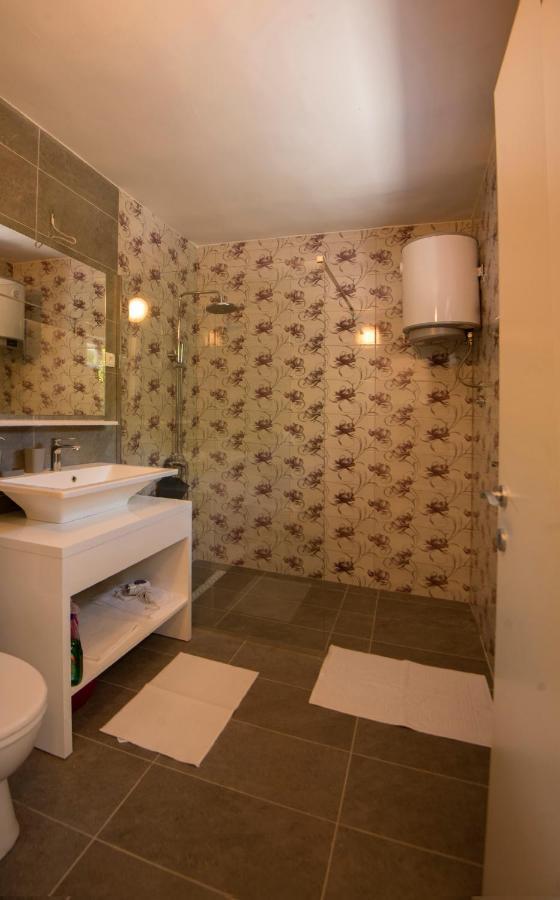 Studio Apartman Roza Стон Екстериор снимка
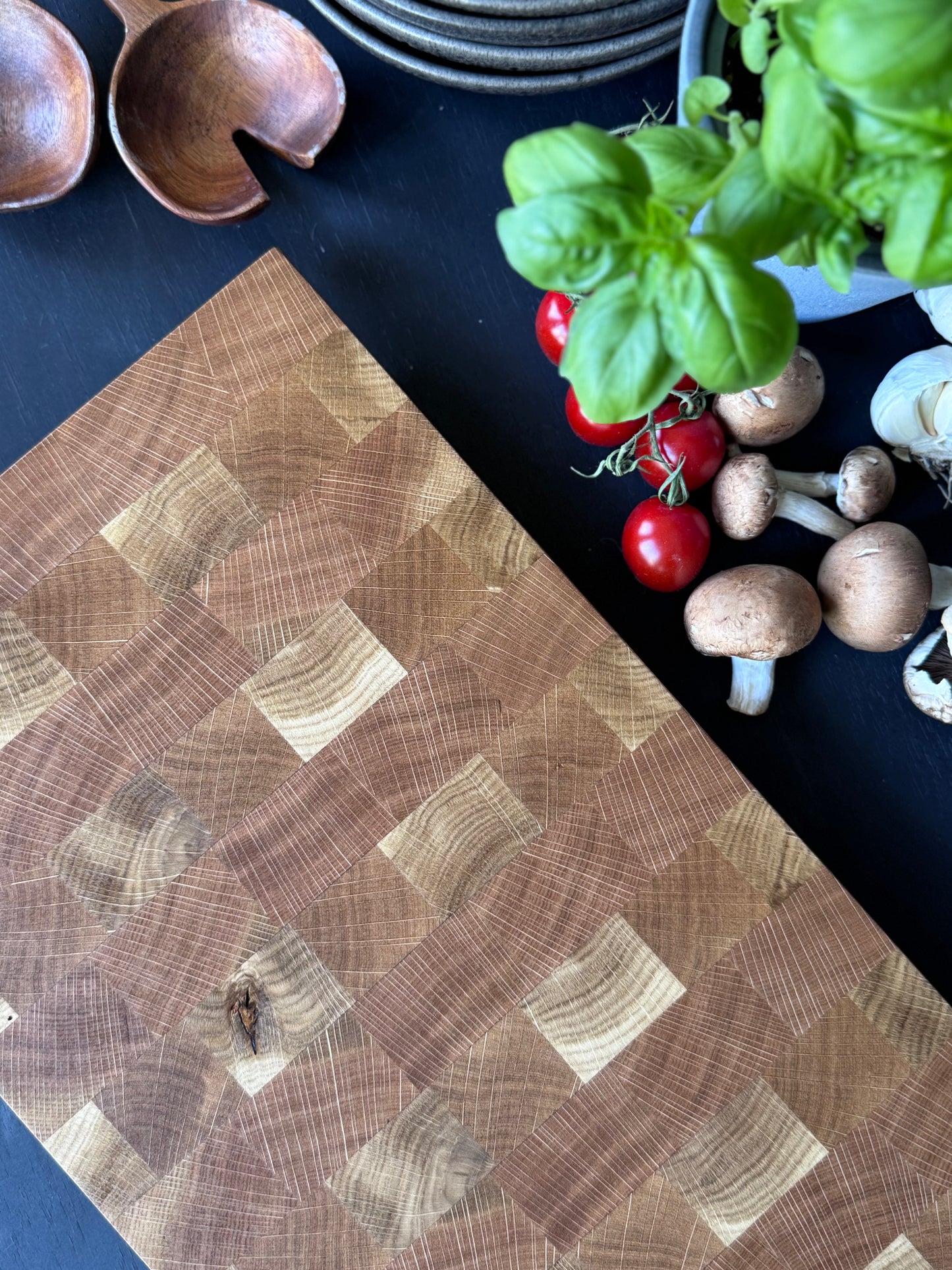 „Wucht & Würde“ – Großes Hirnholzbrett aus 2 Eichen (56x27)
· · ·
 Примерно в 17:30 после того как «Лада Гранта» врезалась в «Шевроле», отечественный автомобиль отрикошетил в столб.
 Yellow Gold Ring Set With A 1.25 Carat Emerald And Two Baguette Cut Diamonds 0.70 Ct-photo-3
· · ·
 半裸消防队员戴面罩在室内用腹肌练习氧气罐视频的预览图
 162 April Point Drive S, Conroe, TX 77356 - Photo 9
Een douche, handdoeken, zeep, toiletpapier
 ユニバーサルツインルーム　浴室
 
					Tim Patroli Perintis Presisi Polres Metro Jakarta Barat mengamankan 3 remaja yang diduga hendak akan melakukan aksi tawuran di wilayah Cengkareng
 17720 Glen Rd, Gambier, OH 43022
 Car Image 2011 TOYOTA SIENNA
· · ·
▶ EXERCISE PROMPT
The line above containing "Примерно в 17:30", the line containing "Yellow Gold Ring", and every line between them are to be transcribed exactly; no other line is wanted.

▶ TASK ANSWER
 Примерно в 17:30 после того как «Лада Гранта» врезалась в «Шевроле», отечественный автомобиль отрикошетил в столб.
 Yellow Gold Ring Set With A 1.25 Carat Emerald And Two Baguette Cut Diamonds 0.70 Ct-photo-3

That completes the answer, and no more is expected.